BUTCHER: I think, I think she brings up a good point though, also with another opportunity with engineering and that is to create models of patients’ actual tumors for example and instead of testing the drugs effectiveness on the patient, why don’t we do it on these tumors that are the patient’s’ tumor.
TAYLOR: That’s already happening.
BUTCHER: Yeah, no I agree but like one of the new strategies that is gaining traction a lot of different tumors is to actually differentiate it. So instead of having this cancerous tumor, turn it into a pile of bone. Well if I a have a pile of bone sitting somewhere that’s a lot better than a tumor because now it’s just sitting there as a chunk of bone. But you could test that out in a set of engineered tumors so you wouldn’t have to worry about trying it out on a patient.

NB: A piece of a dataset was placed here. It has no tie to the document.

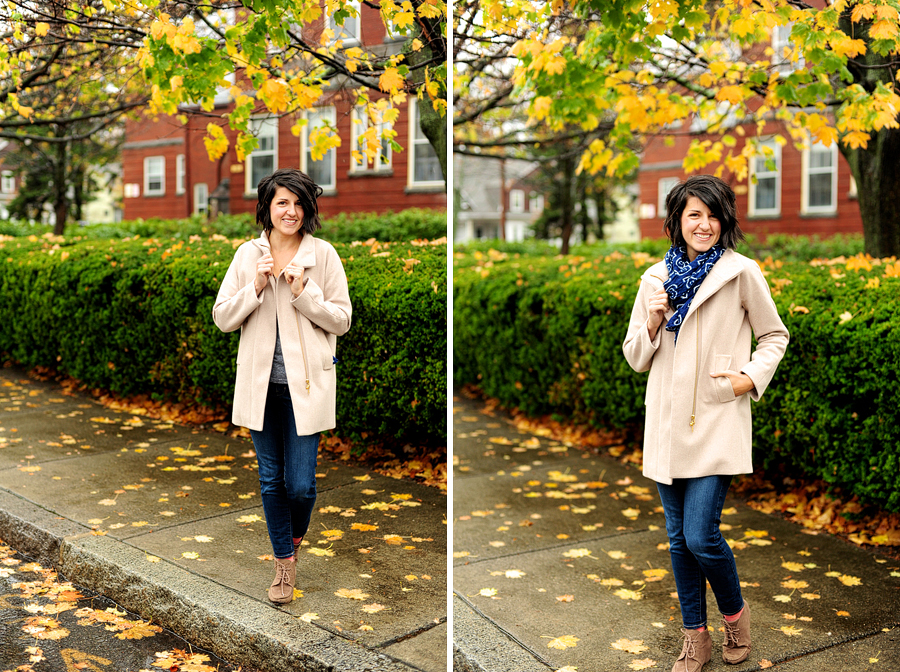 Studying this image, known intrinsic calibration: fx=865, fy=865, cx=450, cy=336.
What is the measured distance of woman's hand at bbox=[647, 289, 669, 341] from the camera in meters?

[01:00:09] SENAY: Alright, I’ve got 2 more questions. I have, everybody wants to know when is this heart going to happen?
TAYLOR: Give me 5 years.
SENAY: OK. You got 5 years. And finally, you get to pick one, which Marvel hero is more likely to be realized by research: Wolverine, who’s healing, or Deadpool, regeneration? What do you pick Jonathan?
BUTCHER: I’m going to go with Wolverine.
ADAMS: Oh, I’m not that kind of nerd. (laughter) Wolverine.
SENAY: Alright! Thank you all for coming. Thank you for our amazing scientists. It was an incredible conversation.